- Opening Delimiter -

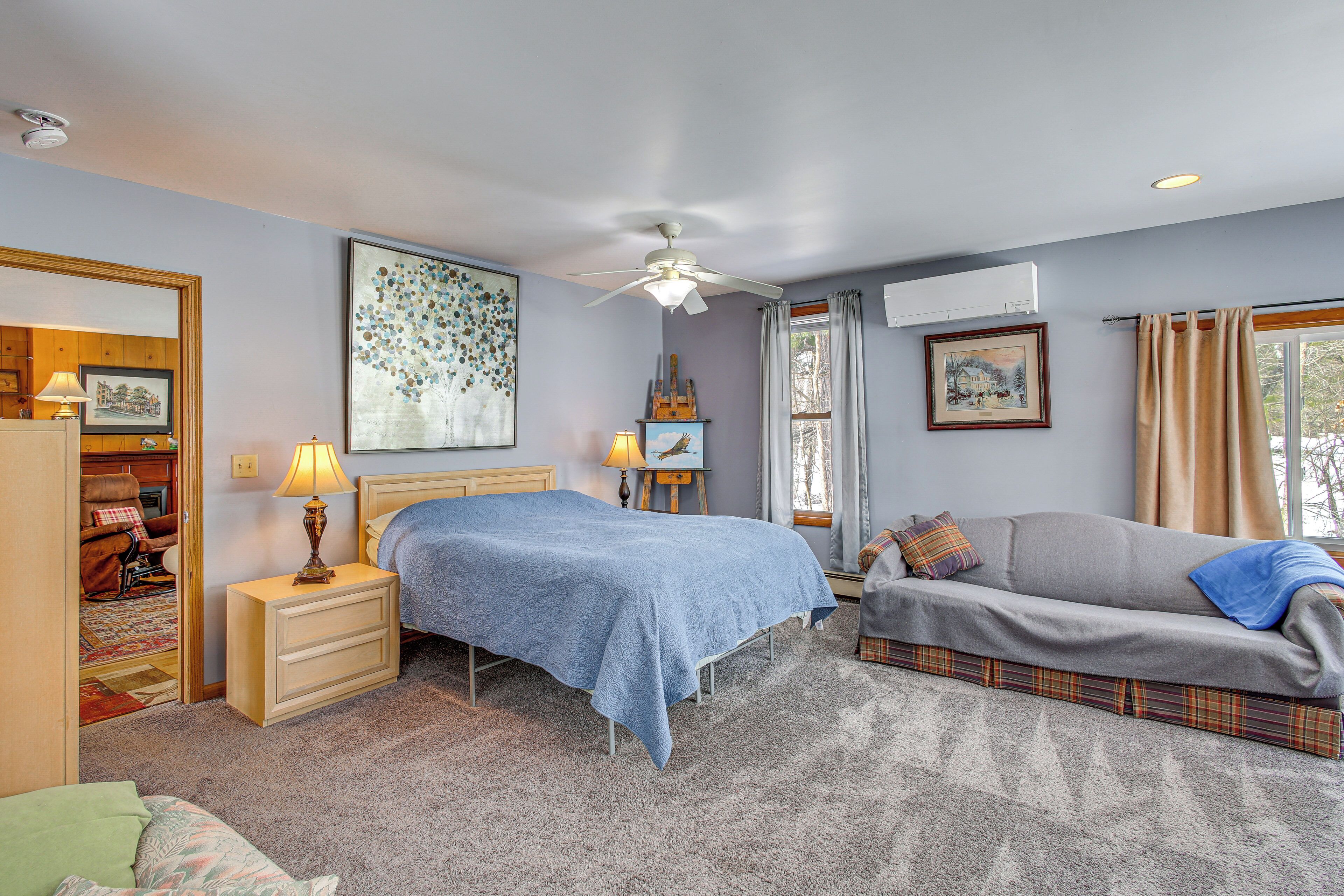 A bedroom with a bed, a sofa, a nightstand, a lamp, and a ceiling fan.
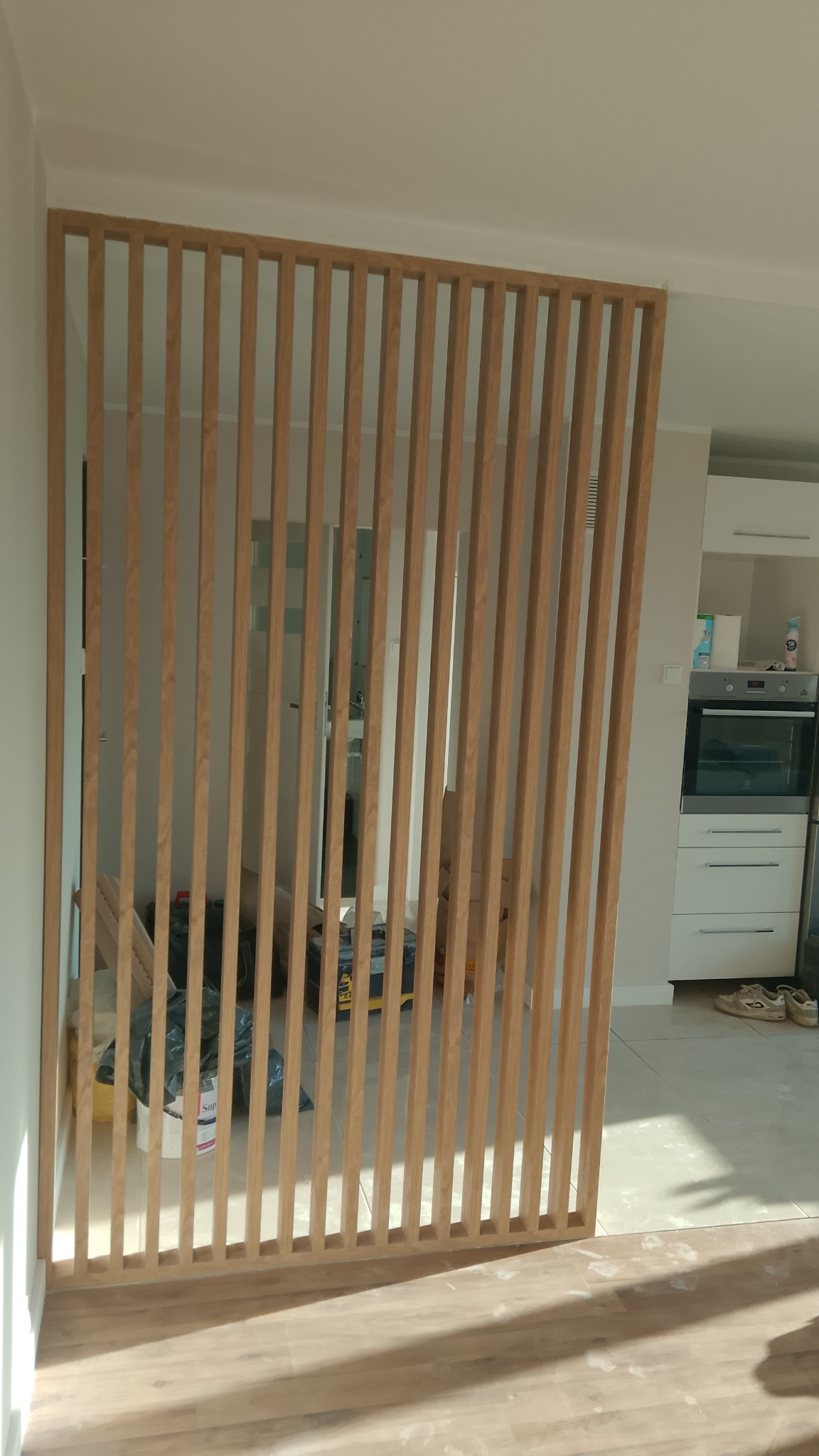 Drewniana ażurowa ścianka działowa z pionowych listew, oddzielająca przestrzeń w jasnym wnętrzu. Widoczny fragment podłogi i elementy wyposażenia kuchni w tle.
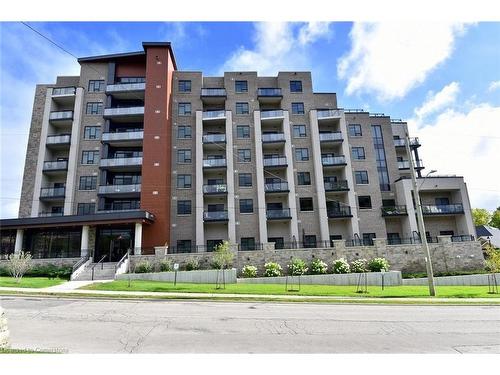 701-30 Hamilton Street S, Waterdown, ON - Outdoor With Balcony With Facade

- Closing Delimiter -

YOUR TASK ▸
Print only the lines running from the line that contains "Drewniana ażurowa ścianka" to the final line of the listing, both included. Omit every picture.

TASK SOLUTION ▸
 Drewniana ażurowa ścianka działowa z pionowych listew, oddzielająca przestrzeń w jasnym wnętrzu. Widoczny fragment podłogi i elementy wyposażenia kuchni w tle.
 701-30 Hamilton Street S, Waterdown, ON - Outdoor With Balcony With Facade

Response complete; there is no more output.